* INSTRUCTIONS FOR THE TASK *
Down to the last line, repeat the entries exactly and drop any image.

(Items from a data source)
--

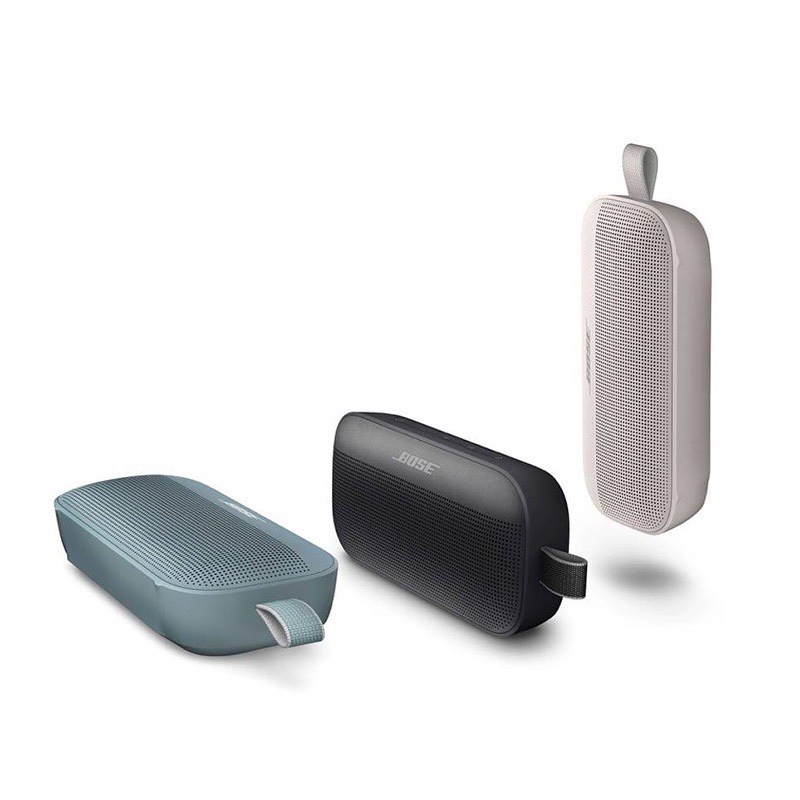 Loa Bluetooth Không dây Pin 12 giờ BOSE SoundLink Flex ÂM THANH SIÊU HAY - AUDIO NGUYÊN SEAL 100% BH 12 tháng.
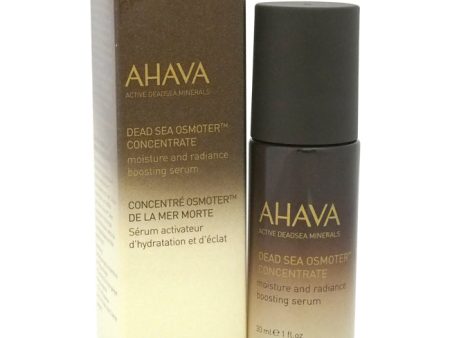 AHAVA Dead Sea Osmoter Concentrate by AHAVA for Unisex - 1 oz Serum Online Sale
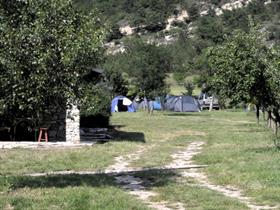 Camping des Randonneurs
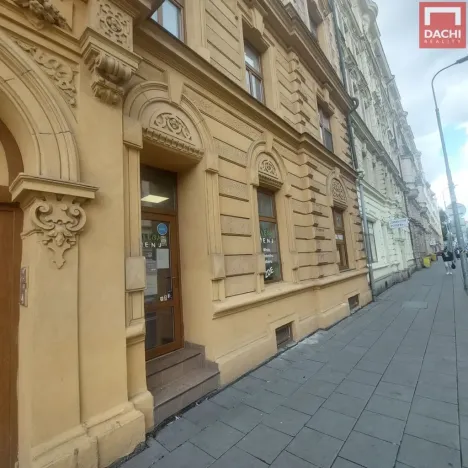 Pronájem obchodního prostoru, Olomouc, Komenského, 60 m2
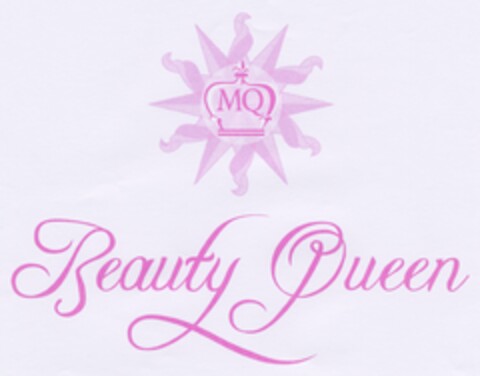 MQ Beauty Queen Logo (DPMA, 02.03.2005)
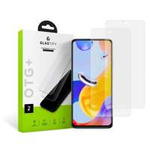 Tempered Glass GLASTIFY OTG+ 2-PACK XIAOMI REDMI NOTE 11 PRO / 11 PRO 5G KLAR
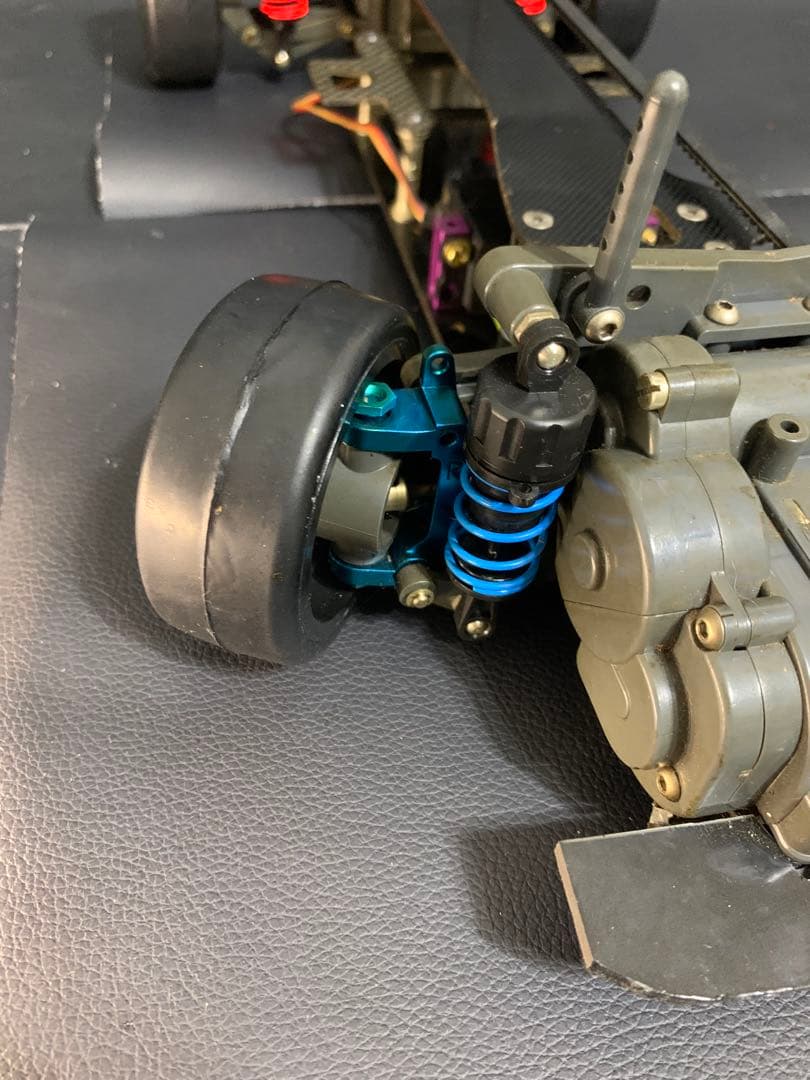 ひ*丸様 TA03 f シャーシ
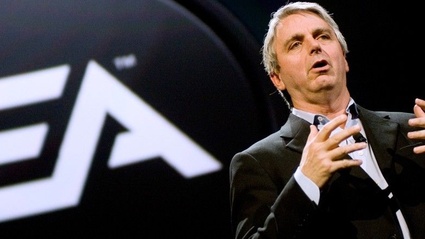 John Riccitiello si unisce ai ragazzi di Unity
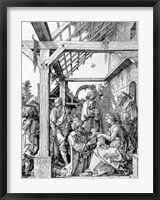 Framed Adoration of the Magi, 1511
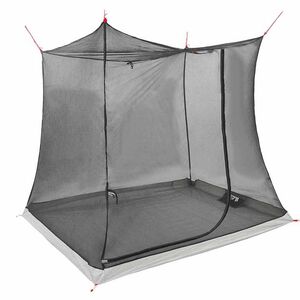 vidaXL Tenda interior Preto 208 x 140 x 175 cm Malha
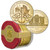 2024 Austria Gold Philharmonic 1 oz 100 Euro - 1 Roll 10 BU Coins in Mint Tube [24-PHIL-G100-BU(10)]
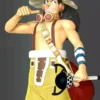 Usopp STL 3D Print Model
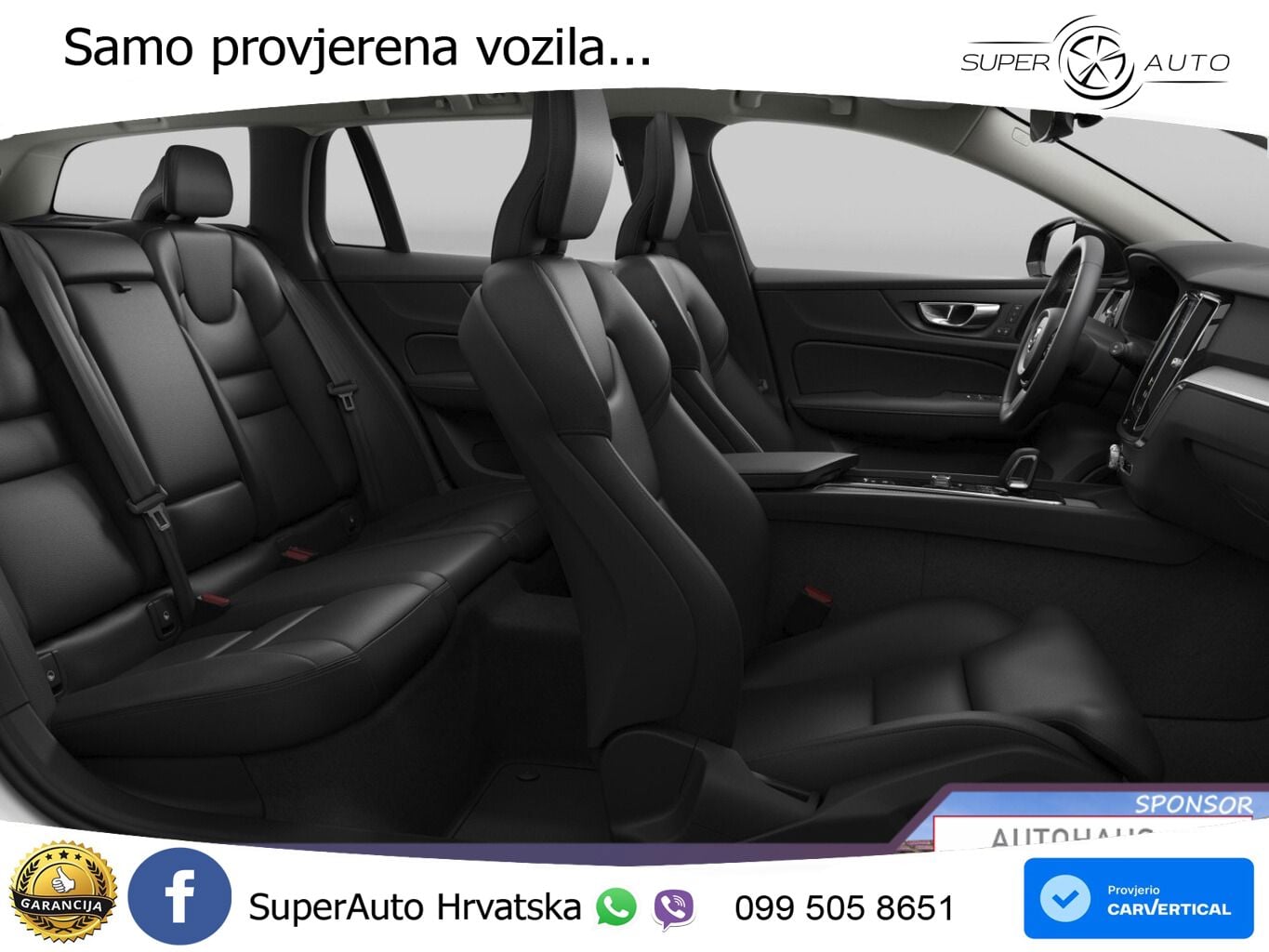 Volvo V60 2.0 B4 Benzin DCT LED+GR SJED+ACC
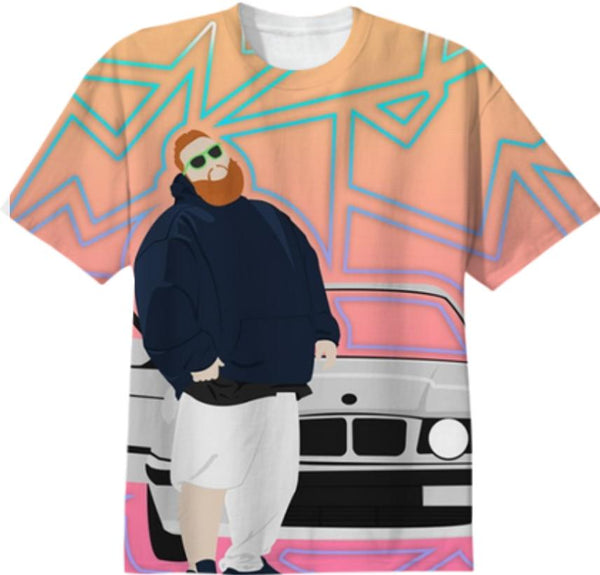 action bronson PAOM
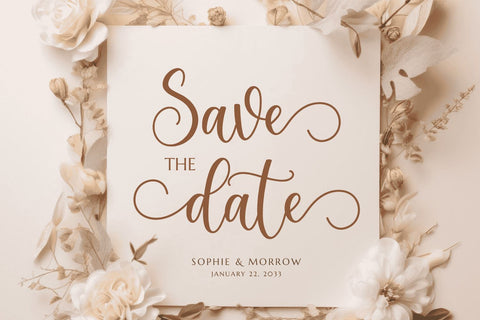 Mathilda Font Mozarella 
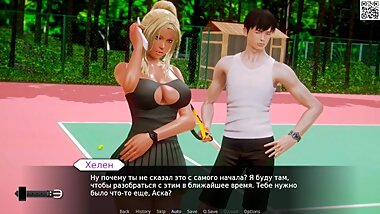 Complete walkthrough game - Waifu Academy, Part 16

--

* RESULT *
 Loa Bluetooth Không dây Pin 12 giờ BOSE SoundLink Flex ÂM THANH SIÊU HAY - AUDIO NGUYÊN SEAL 100% BH 12 tháng.
 AHAVA Dead Sea Osmoter Concentrate by AHAVA for Unisex - 1 oz Serum Online Sale
 Camping des Randonneurs
 Pronájem obchodního prostoru, Olomouc, Komenského, 60 m2
 MQ Beauty Queen Logo (DPMA, 02.03.2005)
 Tempered Glass GLASTIFY OTG+ 2-PACK XIAOMI REDMI NOTE 11 PRO / 11 PRO 5G KLAR
 ひ*丸様 TA03 f シャーシ
 John Riccitiello si unisce ai ragazzi di Unity
 Framed Adoration of the Magi, 1511
 vidaXL Tenda interior Preto 208 x 140 x 175 cm Malha
 2024 Austria Gold Philharmonic 1 oz 100 Euro - 1 Roll 10 BU Coins in Mint Tube [24-PHIL-G100-BU(10)]
 Usopp STL 3D Print Model
 Volvo V60 2.0 B4 Benzin DCT LED+GR SJED+ACC
 action bronson PAOM
 Mathilda Font Mozarella 
 Complete walkthrough game - Waifu Academy, Part 16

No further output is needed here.